## [Problem statement]
Quote all lines below exactly. Images stay out.

## [Data excerpt]
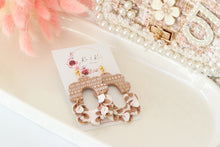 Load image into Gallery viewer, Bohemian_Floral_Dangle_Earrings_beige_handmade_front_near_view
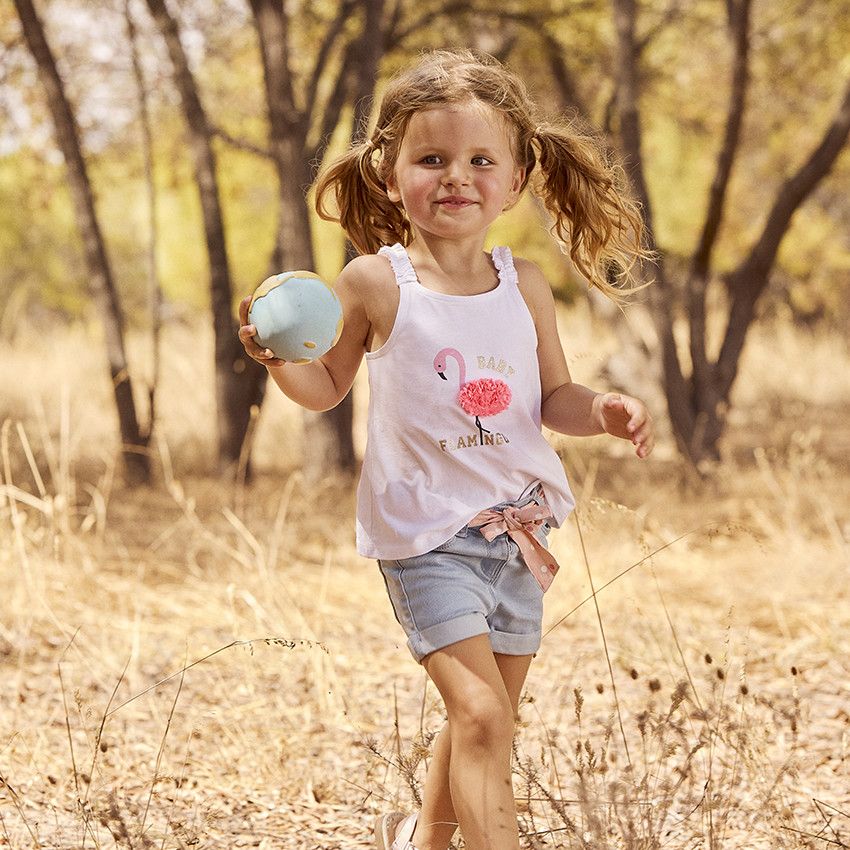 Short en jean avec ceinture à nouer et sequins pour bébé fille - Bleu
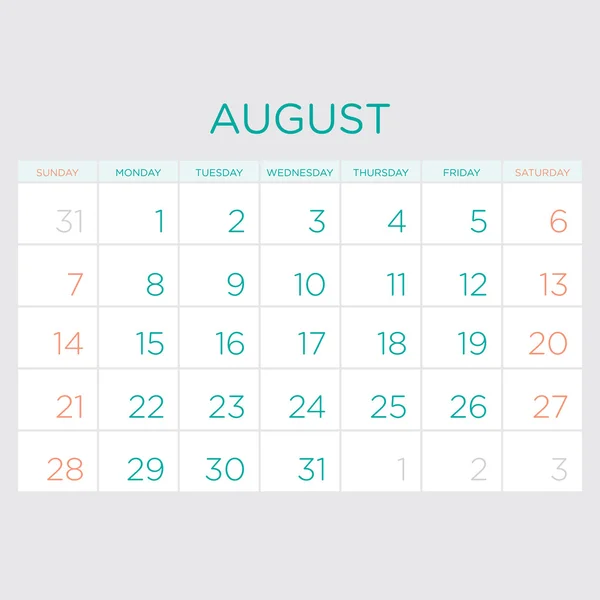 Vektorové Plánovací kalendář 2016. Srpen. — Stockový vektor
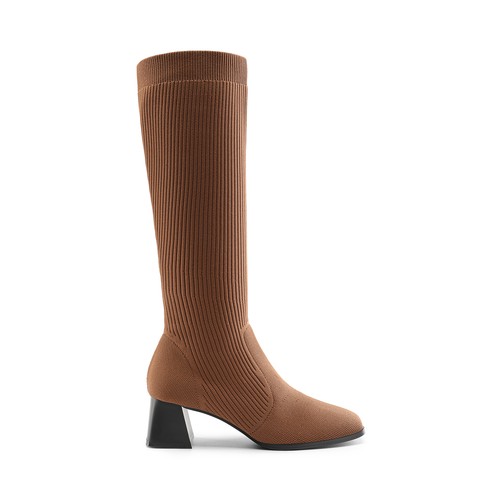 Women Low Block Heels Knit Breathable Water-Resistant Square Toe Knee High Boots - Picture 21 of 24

## [Task response]
 Load image into Gallery viewer, Bohemian_Floral_Dangle_Earrings_beige_handmade_front_near_view
 Short en jean avec ceinture à nouer et sequins pour bébé fille - Bleu
 Vektorové Plánovací kalendář 2016. Srpen. — Stockový vektor
 Women Low Block Heels Knit Breathable Water-Resistant Square Toe Knee High Boots - Picture 21 of 24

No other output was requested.